▸ **Task brief**: Once you reach the line with "When The Grass Grows Over Me 3 Youtube" in the material below, copy each line exactly up to and including the line with "A better man", and skip the pictures.

▸ **Given data**:
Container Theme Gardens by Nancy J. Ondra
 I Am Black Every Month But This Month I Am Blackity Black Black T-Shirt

---

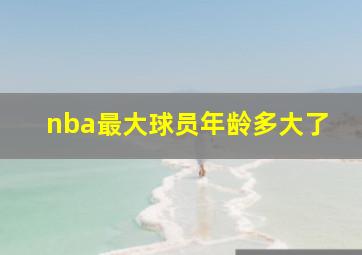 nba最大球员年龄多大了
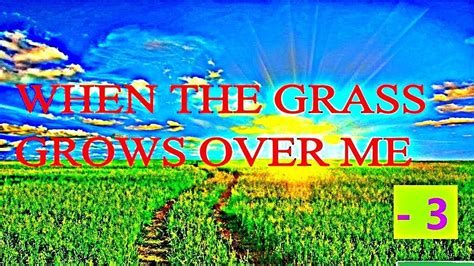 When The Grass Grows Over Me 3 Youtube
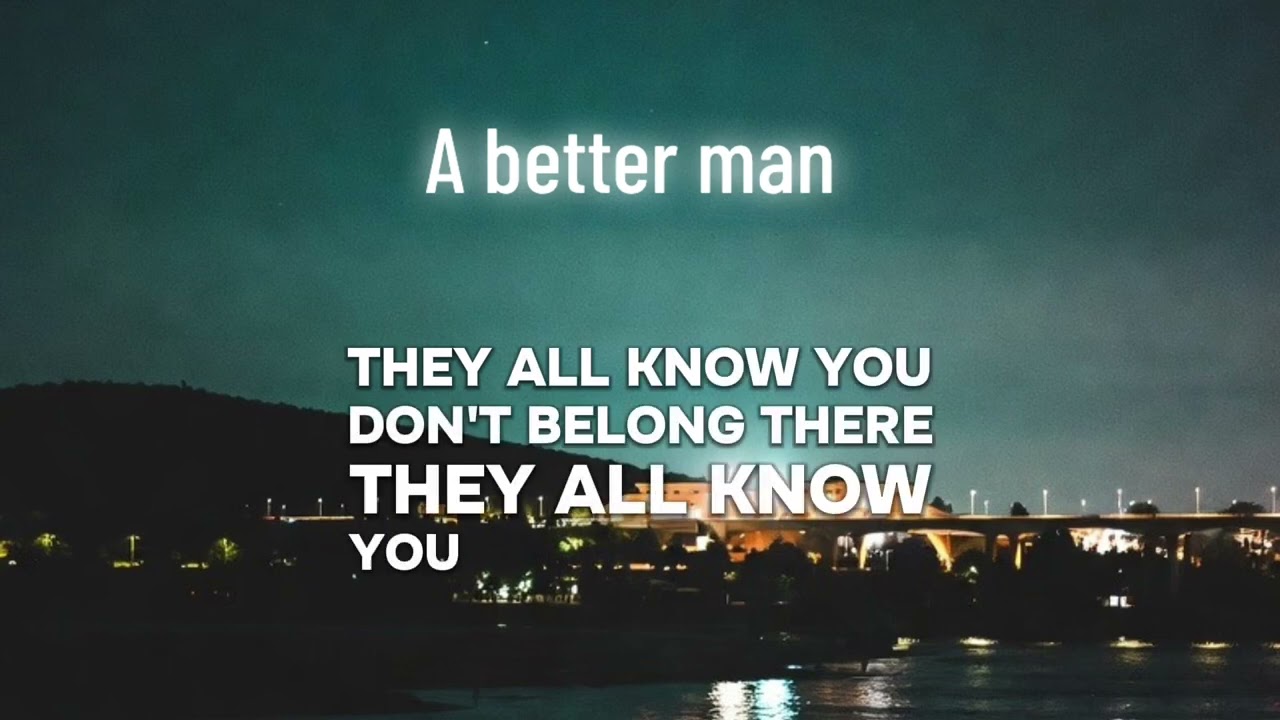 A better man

▸ **Response area**:
 When The Grass Grows Over Me 3 Youtube
 A better man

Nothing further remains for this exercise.